Even if we no longer believe in a deity, a degree of repression is seemingly necessary to our species and to the adequate functioning of a half-way ordered and loving society. A portion of our libido has to be forced underground, repression was not just for the Catholics, the Muslims and the Victorians, it has to be with us for eternity. Because we have to go to work, commit ourselves to relationships, care for our children and explore our own minds, we cannot allow our sexual urges to express themselves without limit, online or otherwise; it would destroy us.
Thanks, Captain Obvious. I think people agree that if you see an attractive person on the street it’s inappropriate to start masturbating to them right there. Our apparently “permissive” society has both laws and social mores against some behaviour, some of it with good reason, some of it not. By pretending otherwise, he gets to lump anyone who’s not pearl-clutching over porn together with some hypothetical anarchists who want no mores whatsoever. I’m surprised he didn’t mention NAMBLA and sex with ducks.

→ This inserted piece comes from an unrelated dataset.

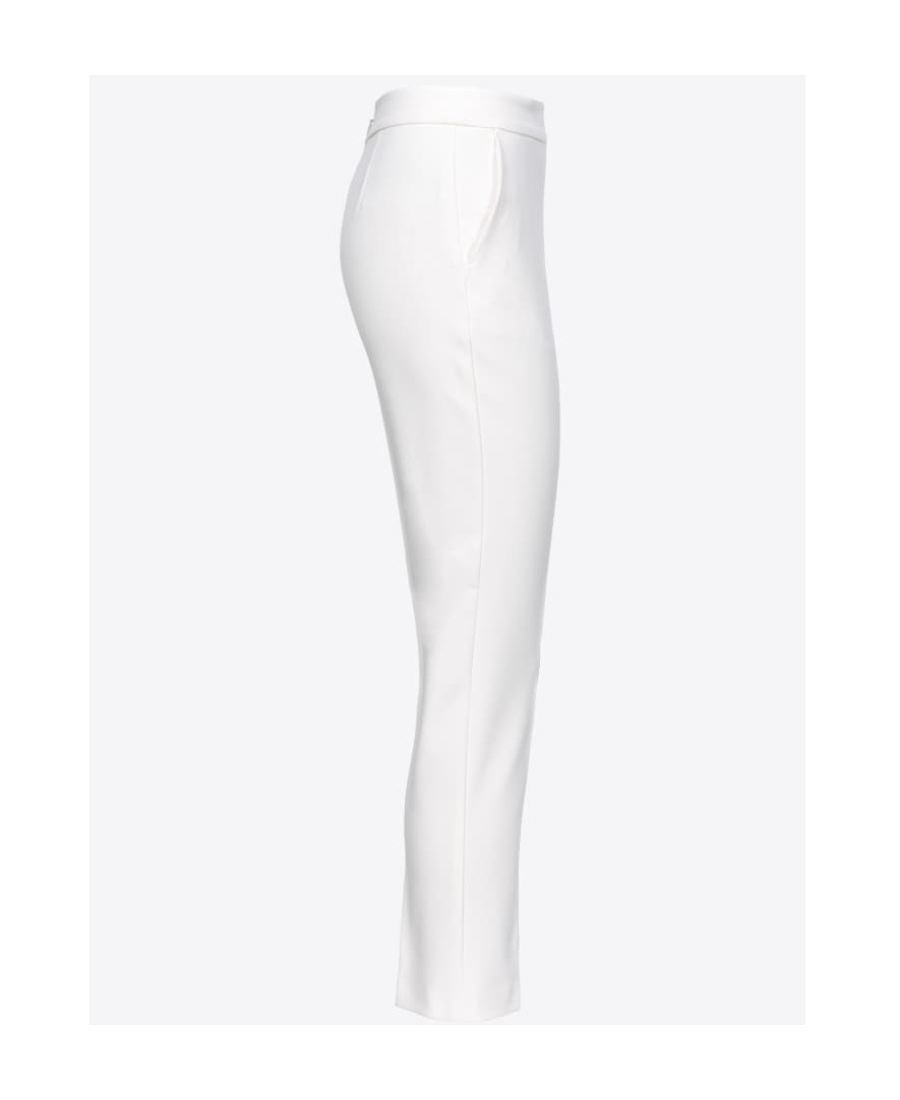 Pinko Slim-fit Trousers In Technical Stretch Crepe In White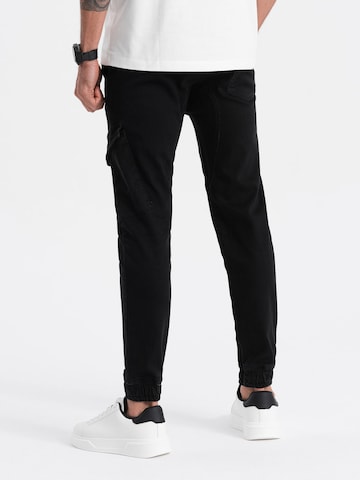 Ombre Tapered Cargo Jeans 'PADJ-0112' in Black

De Botton has a profound misunderstanding of freedom in a secular democracy and an explicitly anti-science view. It’s not just that he fails to provide evidence. His arguments require some general feeling about what it “means” to have sexual thoughts that are reminiscent of the National Organisation for Marriage’s nebulous natural theology arguments about what it “means” to have marriage. He thinks that it’s sophisticated to wallow in the self-pity of neuroses that you’ve constructed for yourself. The genuine warts of the psych that we all have are reframed as utter helplessness in a manner more suited to a Church Father talking about human nature and The Fall. Porn then becomes an element in a morality play where the world is constantly becoming worse — but not in (god forbid!) any measurable way. The lack of concrete policy recommendations gives him room to backslide. He even does this in the article, saying he doesn’t want some dictator saying who should watch what — then what? Finally, even most conservatives have at least learned to dress their nonsense up as sex-positive. It’s refreshing to see something so direct. Thanks, Alain.
But the worst thing about this whole genre of Porn Is Bad articles is that they displace the conversations we should actually be having about porn. Oh well.